So it was Saturday night and I was doing what every 22 year old was doing… doing Google searches for compression algorithms. I couldn't remember much about the acronym for this one particular algorithm other than it was three letters and began with "P", so in a half asleep, bored daze I was trying different combinations of letters.
After a few searches around 23:16 Singapore time I noticed something peculiar: underneath all the headings for every single result, Google was reporting that "this site may be harmful to your computer".
ASIDE: I knew something was up when even links to Wikipedia were being given the same suspicious treatment… I chuckled and assumed this must have been because of the comparatively poor performance of Google Knol highlighted recently!
It wasn't long before all the major wire services and news companies were picking up the story. I had no idea the little thing I had witnessed would become such an overnight news sensation. CNET ran an initial story (Google taking security a little too seriously?) and follow-up story (Google warns entire Internet is malware), but the BBC summarised the debacle the best in their "Human error" hits Google search report:
For a period on Saturday, all search results were flagged as potentially harmful, with users warned that the site "may harm your computer".

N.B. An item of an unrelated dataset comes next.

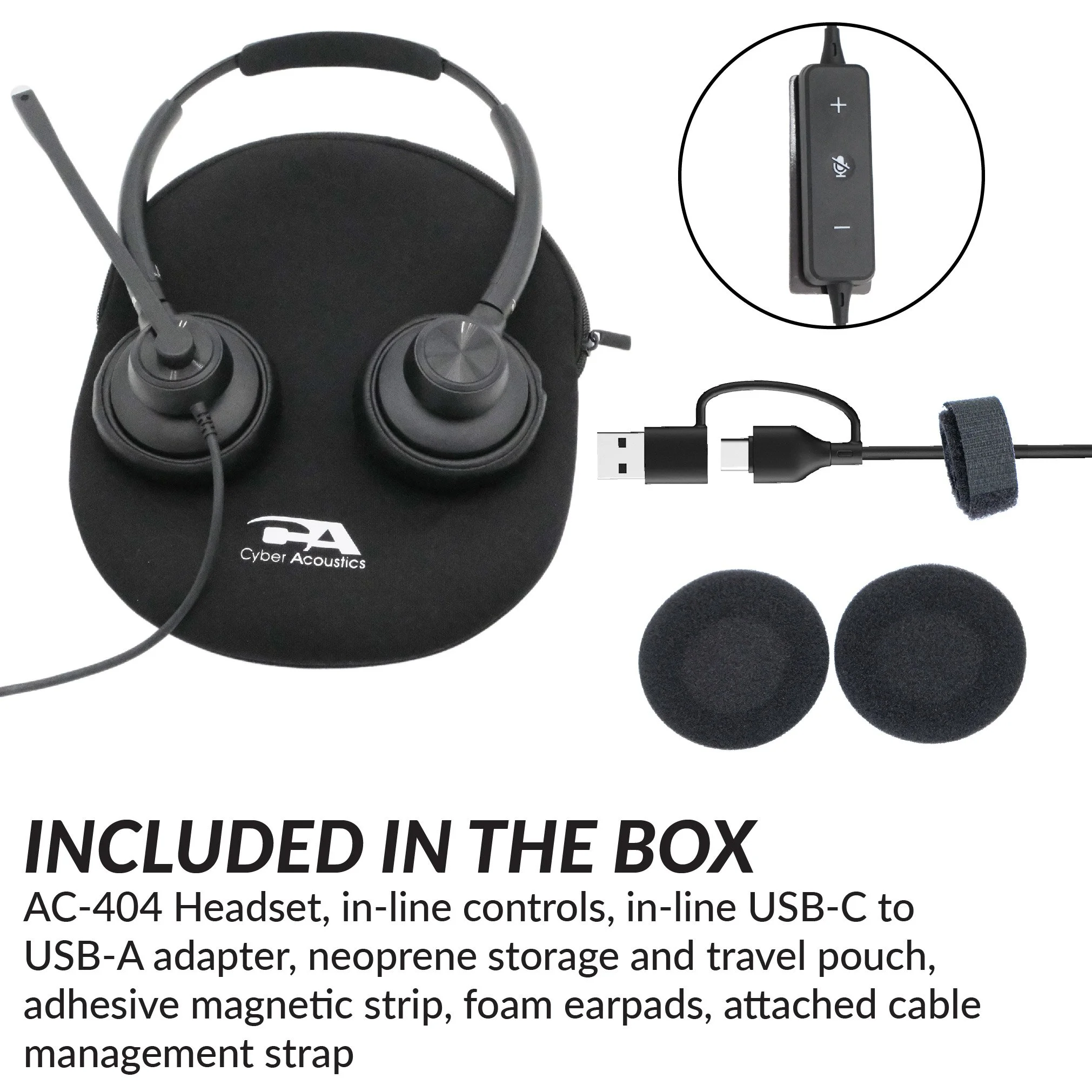 AI Noise Cancellation headset AC-404 with included accessories: USB adapter, travel pouch, foam earpads, and cable strap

Google attributed the fault to human error and said most users were affected for about 40 minutes.
The internet search engine works with stopbadware.org to ascertain which sites install malicious software on people’s computers and merit a warning.
The list of malevolent sites is regularly updated and handed to Google.
When Google updated the list on Saturday, it mistakenly flagged all sites as potentially dangerous.
Marissa Mayer, VP, Search Products & User Experience at Google posted and revised an entry on the offical Google Blog:
If you did a Google search between 6:30 a.m. PST and 7:25 a.m. PST this morning, you likely saw that the message "This site may harm your computer" accompanied each and every search result. This was clearly an error, and we are very sorry for the inconvenience caused to our users.
What happened? Very simply, human error. […] We maintain a list of [malware] sites through both manual and automated methods. We work with a non-profit called StopBadware.org to come up with criteria for maintaining this list, and to provide simple processes for webmasters to remove their site from the list.
We periodically update that list and released one such update to the site this morning. Unfortunately (and here’s the human error), the URL of "/" was mistakenly checked in as a value to the file and "/" expands to all URLs.
Really gives you an idea about how valuable and critical a site like Google is thesedays that an error like this can generate so much news coverage in such a short amount of time.
This incident has also increased my already heightened doubt and scepticism I have for most content filtering and malware warning systems. There has been much publicity about the ethical side to warning users of and blocking sites with questionable content, but this is an example of the technical side of such a system failing. While this is an extreme case, mistakes of this kind are unavoidable.
It also chills my blood to think about another scenario: if all it took was a malformed string on the server side, what other mistakes have been made in the past that perhaps haven't been reported? I could go on for paragraphs about this, but I think you're smart enough to visualise the implications of this.
As for the algorithm I was looking for? Turns out it was PAQ. Not Bill Kurtis.